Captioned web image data
[Start of section]

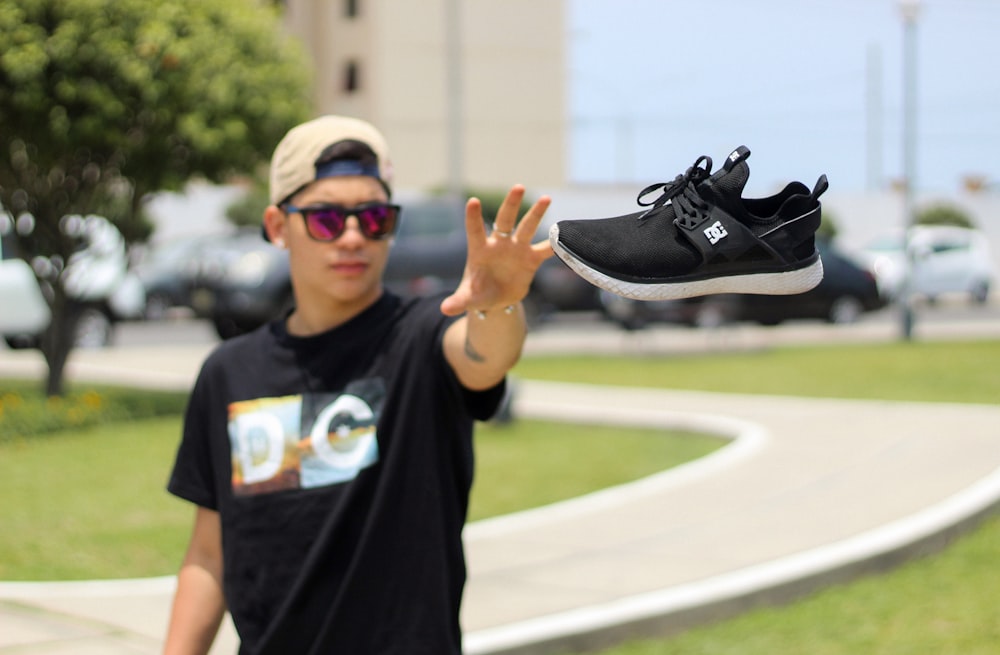 man wearing black shirt near black sneaker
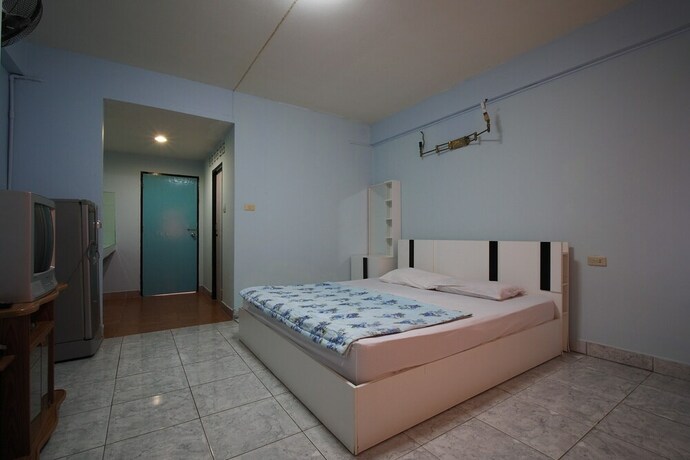 Imagen de la habitación del Hotel OYO 1004 Naklua Mansion. Foto 2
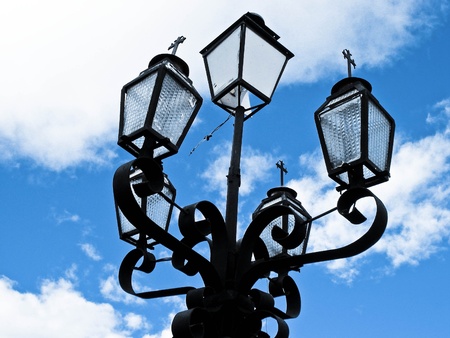 Blue sky and street lampsの写真素材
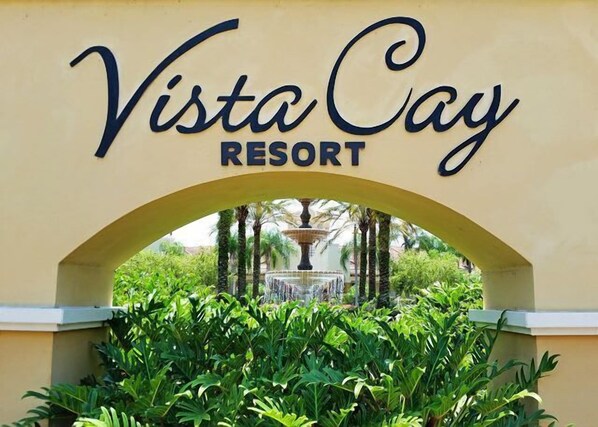Indgangen til Vista Cay Resort med en buegang, frodig beplantning og en fontæne i baggrunden.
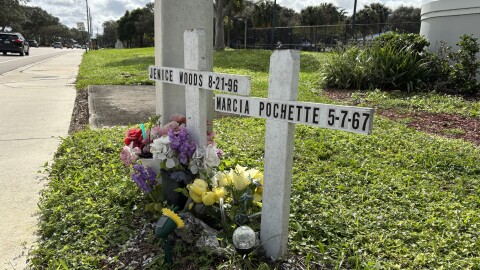 Memorial markers for Jenice Woods and Marcia Pochette on Congress Avenue, near Meadows Park, in Boynton Beach in December 2025.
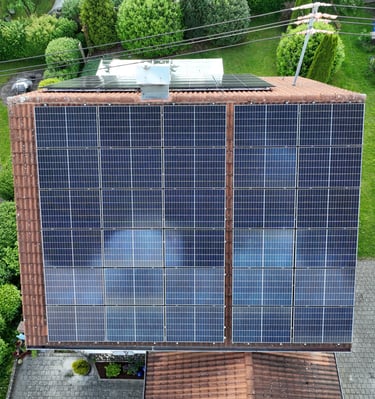 Aerial view of a residential rooftop with solar panels installed for renewable energy.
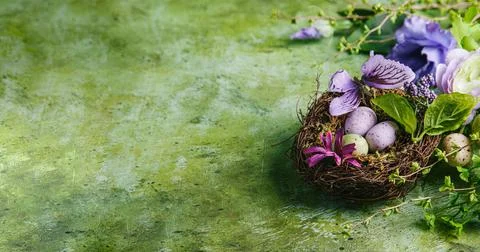 Happy easter concept. Multicolored easter painted eggs in the nest, flowers a Stock Photos
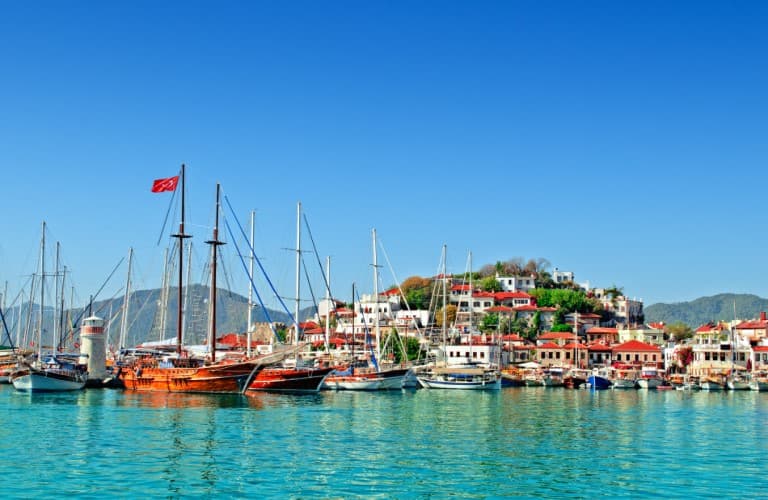 Scenic view of Marmaris Marina featuring luxury yachts, blue sea, waterfront atmosphere, and a popular tourism destination in Türkiye.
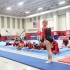 Senior Emily Hufferd anticipates her vault as her teammates watch on.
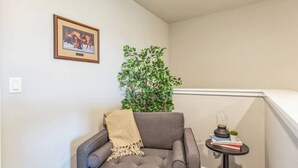 A corner room with a gray armchair, a small table with books and a lamp, a framed picture on the wall, and a green plant. - Heated Pool & Pickleball - Beautiful 3BR Home Near Zion (Washington)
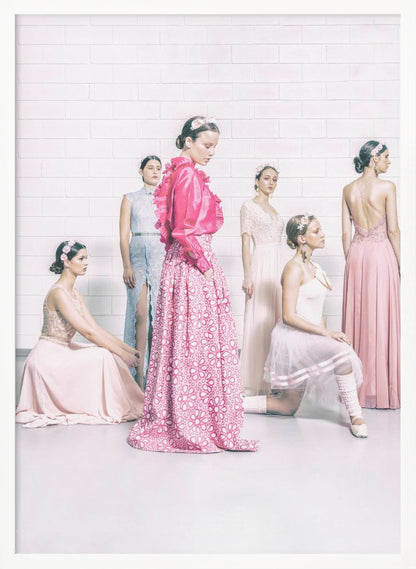 A studio photograph of six young women in elegant pastel gowns posing against a white brick wall. The central figure wears a vibrant pink ruffled blouse and a patterned maxi skirt, while the others are dressed in light pink, white, and pale blue dresses, some with ballet-inspired elements. They all have flowers in their hair, creating a soft, high-fashion aesthetic. Print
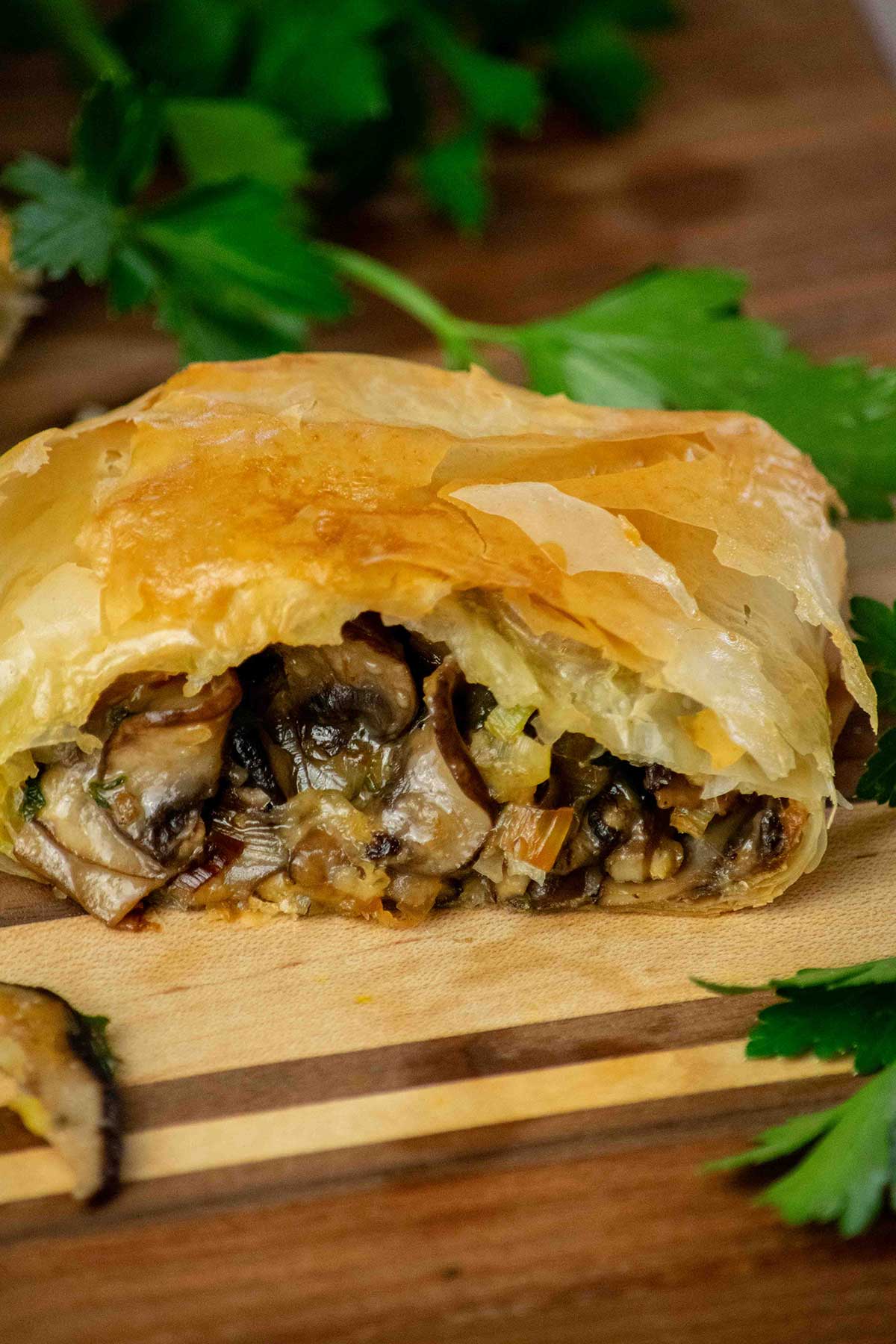 Slice of Vegetarian Strudel with Mushrooms and Leeks.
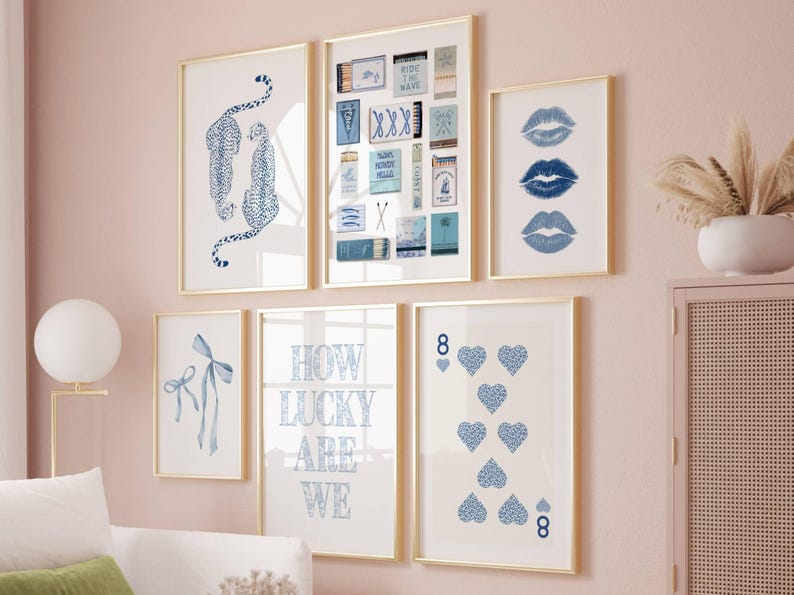 May include: A collection of framed art prints with gold frames. The prints feature blue and white designs, including leopards, lips, playing cards, and the text "How Lucky Are We". The art is displayed on a pink wall.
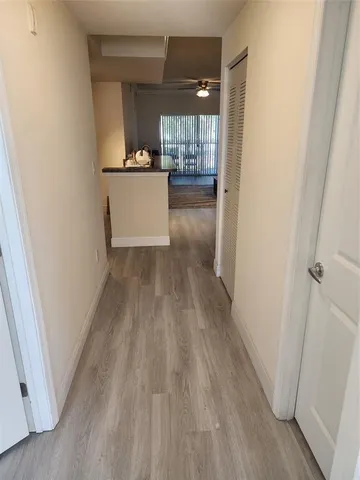 a view of workspace with wooden floor and windows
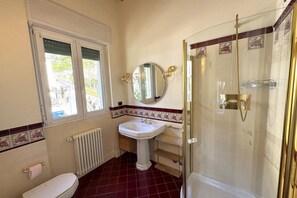 A bathroom with a white sink, a toilet, a shower, and a window with a view of greenery outside. - Ca Del Senior - Pool & Lake View (Azzano)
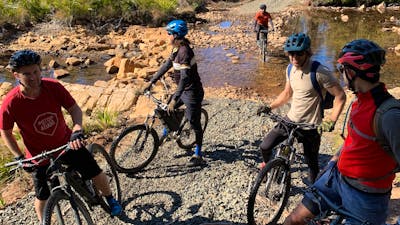 Cyclists next to river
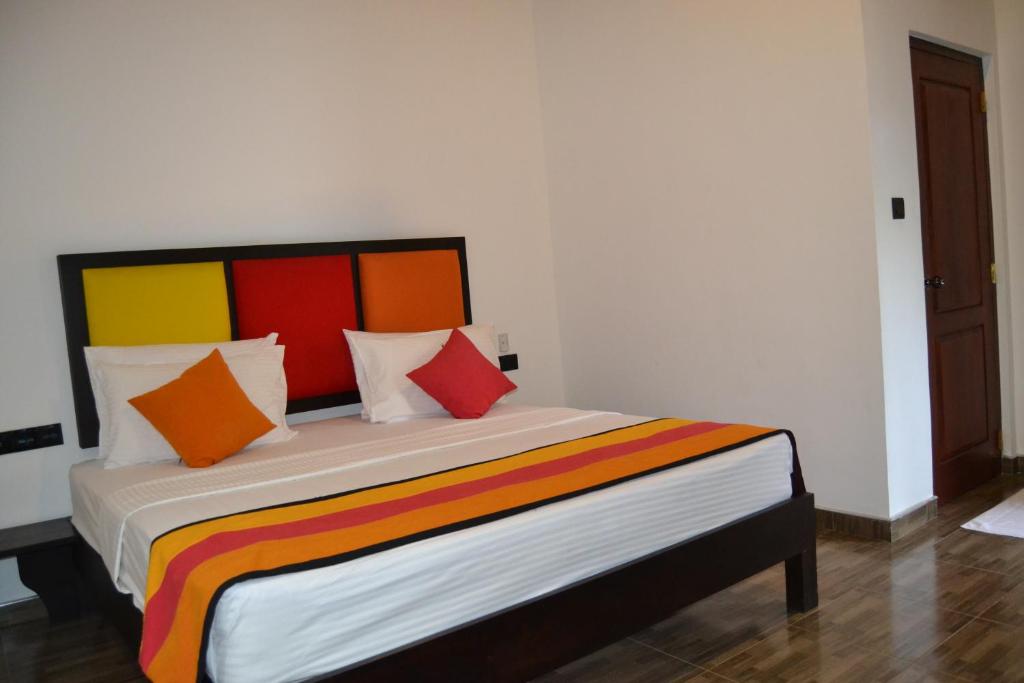 Postel nebo postele na pokoji v ubytování Sigiri Resort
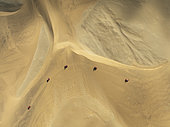 Quad bikes in the dunes of the Namib Desert in the vicinity of the coastal town of Swakopmund. Aerial view. Drone shot. Namibia.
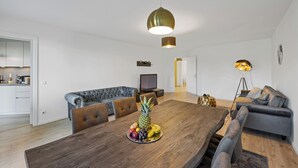 Una sala de estar moderna con una mesa de comedor de madera, sofás grises y un frutero.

[End of section]

Task to carry out = An exact reproduction of all the records is required, with no pictures included.

Exercise response =
 man wearing black shirt near black sneaker
 Imagen de la habitación del Hotel OYO 1004 Naklua Mansion. Foto 2
 Blue sky and street lampsの写真素材
Indgangen til Vista Cay Resort med en buegang, frodig beplantning og en fontæne i baggrunden.
 Memorial markers for Jenice Woods and Marcia Pochette on Congress Avenue, near Meadows Park, in Boynton Beach in December 2025.
 Aerial view of a residential rooftop with solar panels installed for renewable energy.
 Happy easter concept. Multicolored easter painted eggs in the nest, flowers a Stock Photos
 Scenic view of Marmaris Marina featuring luxury yachts, blue sea, waterfront atmosphere, and a popular tourism destination in Türkiye.
 Senior Emily Hufferd anticipates her vault as her teammates watch on.
 A corner room with a gray armchair, a small table with books and a lamp, a framed picture on the wall, and a green plant. - Heated Pool & Pickleball - Beautiful 3BR Home Near Zion (Washington)
 A studio photograph of six young women in elegant pastel gowns posing against a white brick wall. The central figure wears a vibrant pink ruffled blouse and a patterned maxi skirt, while the others are dressed in light pink, white, and pale blue dresses, some with ballet-inspired elements. They all have flowers in their hair, creating a soft, high-fashion aesthetic. Print
 Slice of Vegetarian Strudel with Mushrooms and Leeks.
 May include: A collection of framed art prints with gold frames. The prints feature blue and white designs, including leopards, lips, playing cards, and the text "How Lucky Are We". The art is displayed on a pink wall.
 a view of workspace with wooden floor and windows
 A bathroom with a white sink, a toilet, a shower, and a window with a view of greenery outside. - Ca Del Senior - Pool & Lake View (Azzano)
 Cyclists next to river
 Postel nebo postele na pokoji v ubytování Sigiri Resort
 Quad bikes in the dunes of the Namib Desert in the vicinity of the coastal town of Swakopmund. Aerial view. Drone shot. Namibia.
 Una sala de estar moderna con una mesa de comedor de madera, sofás grises y un frutero.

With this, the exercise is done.